The government took an ownership stake in the company. Nvidia invested a few billion in the company. It's not going anywhere.

ks2048 3 hours ago
"death" can be pretty slow - IBM has $60B in revenue and 270K employees.
seanmcdirmid 11 minutes ago
I really have no idea how IBM is still in business, or the other big toxic techs like Oracle and Salesforce. Just goes to show I don’t know as much about the industry as I think.
ghaff 2 hours ago
And their financial/stock performance has been pretty good the past couple of years.
quotemstr 3 hours ago
When Shakespeare wrote "cowards die many times before their deaths", he had Intel in mind.
chanux 2 hours ago
Lindy[1] will make sure it stays around for a while.
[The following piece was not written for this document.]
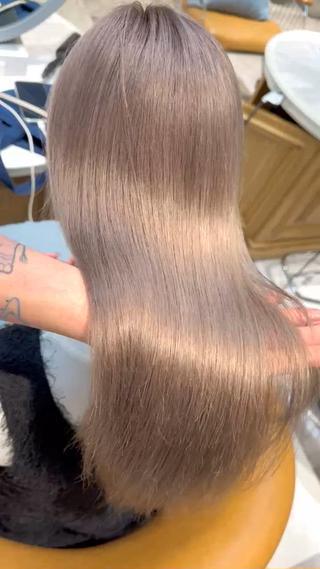 ロング/ブリーチ/ブリーチありダブルカラー/ハイトーン/ミルクティー/ミルクティーベージュ/ベージュ/カラー/ダブルカラー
[1] https://en.wikipedia.org/wiki/Lindy_effect

roboror 2 hours ago
Intel still sells a ton of silicon.
brcmthrowaway 5 hours ago
Terrible news from Intel, this guy seems like the best performance engineer on the planet
nightshift1 4 hours ago
Where do you think he's going next? OpenAI? Google? Just saving 1% on inference could probably justify his salary 100fold
cowsandmilk 2 hours ago
Definitely feels like someplace with GPUs that will let him work remotely.
ChrisArchitect 6 hours ago
Extra slash in the url
bibimsz 2 hours ago
dude loves the color salmon
benwills 4 hours ago
In the photo of him on his last day [0], there's a cassette deck on his desk.

That could be something mundane, but I'd like to believe something crazy happens if you yell at it [1]...

[0] https://www.brendangregg.com/blog/images/2025/brendanoffice2...

[1] https://www.youtube.com/watch?v=tDacjrSCeq4

avtar 4 hours ago
> cassette deck on his desk

Greybeard reporting for duty: https://en.wikipedia.org/wiki/Commodore_Datasette

bingo-bongo 47 minutes ago
Looks like the C64 is behind it (underneath a..?) and there’s a small corner of 5.25” diskette station further back.